My NFS timeouts / dirty page writeback problem.

kuvwert@lemmy.dbzer0.com · edit-2 3 months ago

My NFS timeouts / dirty page writeback problem.

deadcade@lemmy.deadca.de · 3 months ago

Sounds like a band-aid fix to a completely different problem. If NFS is timing out, something is clearly broken. Assuming it’s not your network (though it could very well be), it’s likely the Synology NAS. Since they’re relatively closed devices afaik, I sadly can’t help much in troubleshooting. And sure, dumping 25GB on it all at once is heavy, but it should handle that, being a NAS.

kuvwert@lemmy.dbzer0.com · 3 months ago

You could 1000% percent be right here. I don’t have an education on networking or system ops.

The NAS can sustain gigabit writes without complaint. My premis is the kernel isn’t flushing at wire speed in a steady stream. It hoards 2+ GB in page cache then fires a burst of concurrent NFS RPCs all at once. The NAS can’t ack them fast enough and the client declares it dead.

I ran three dd tests, same 2GB file, same NAS, only changed client config:

128K buffers: 101 MB/s, dies at 2GB
32K buffers: 2.1 GB/s (all page cache, nothing hitting the wire), dies even harder
64MB dirty page cap: steady 11.4 MB/s, zero timeouts, clean finish

The NAS handled all 2GB in test 3 because it arrived as a drip instead of a wall.

At least thats the working theory :)

deadcade@lemmy.deadca.de · 3 months ago

What I’m noticing more, is that you can keep a consistent 11.4MB/s, this feels relatively close to what you’d usually pull through a 100mbit/s link (after accounting for overhead). If that’s the case, it shouldn’t matter how the NFS client decides to chunk the data, for how much throughput there is to the NAS. Which means you’re looking at a broken NFS server that can’t handle large single transmissions.

If it’s not the case, and you’ve got a faster network link, it seems that the NAS just can’t keep up when given >2gb at once.
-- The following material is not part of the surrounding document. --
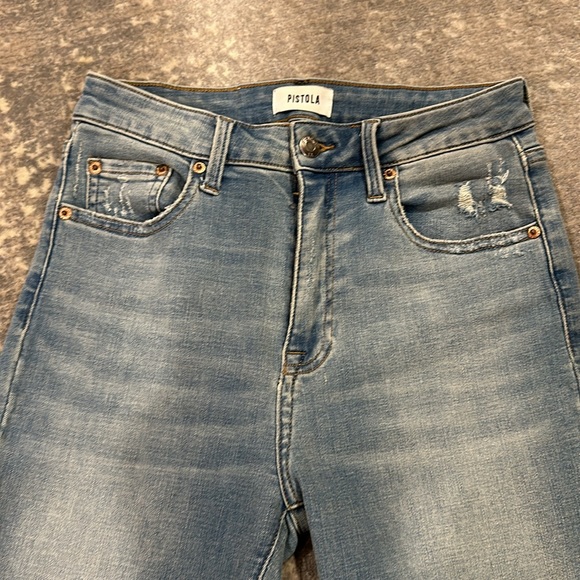 PISTOLA DISTRESSED HIGH WAIST SKINNY JEANS SIZE 27 - Picture 3 of 14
That could be a hardware resource limitation, where this fix is probably the best you can do without upgrading hardware. If it’s not a resource limitation, then the NFS server is misbehaving when sent large chunks of data.

Basically, if your network itself (like switches, cables) isn’t broken, you’re either dealing with a NAS that is severely underspecced for what it’s supposed to do, or a broken NFS server.

Another possibility for network issues, is that your proxmox thinks it has gigabit (or higher), but some device or cable in between your server and NAS limits speed to 100mbit/s. I think it’d be likely to cause the specific issues you’re seeing, and something like mixed cable speeds would explain why the issue is so uncommon/hard to find. The smaller buffers more frequent acknowledgements would sidestep this.

Do note I am also not an expert in NFS, I’m mostly going off experience with the “fuck around and find out” method.

kuvwert@lemmy.dbzer0.com · 3 months ago

Holy Canoli You were right.

Checked the Synology’s network interface page and it was negotiating at 100 Mbps to my Orbi router. Your comment about 11.4 MB/s lining up with a 100 Mbps ceiling is exactly what got me to actually check the link speed instead of just assuming gigabit.

Bought a cheap unmanaged switch, plugged the NAS and server into it directly, came up at 1000 Mbps, and now I’m getting 107-115 MB/s on the same tests. Updated the post and credited you. Appreciate you pushing back on it.

deadcade@lemmy.deadca.de · 3 months ago

Hell yeah! 10x speed improvement for free!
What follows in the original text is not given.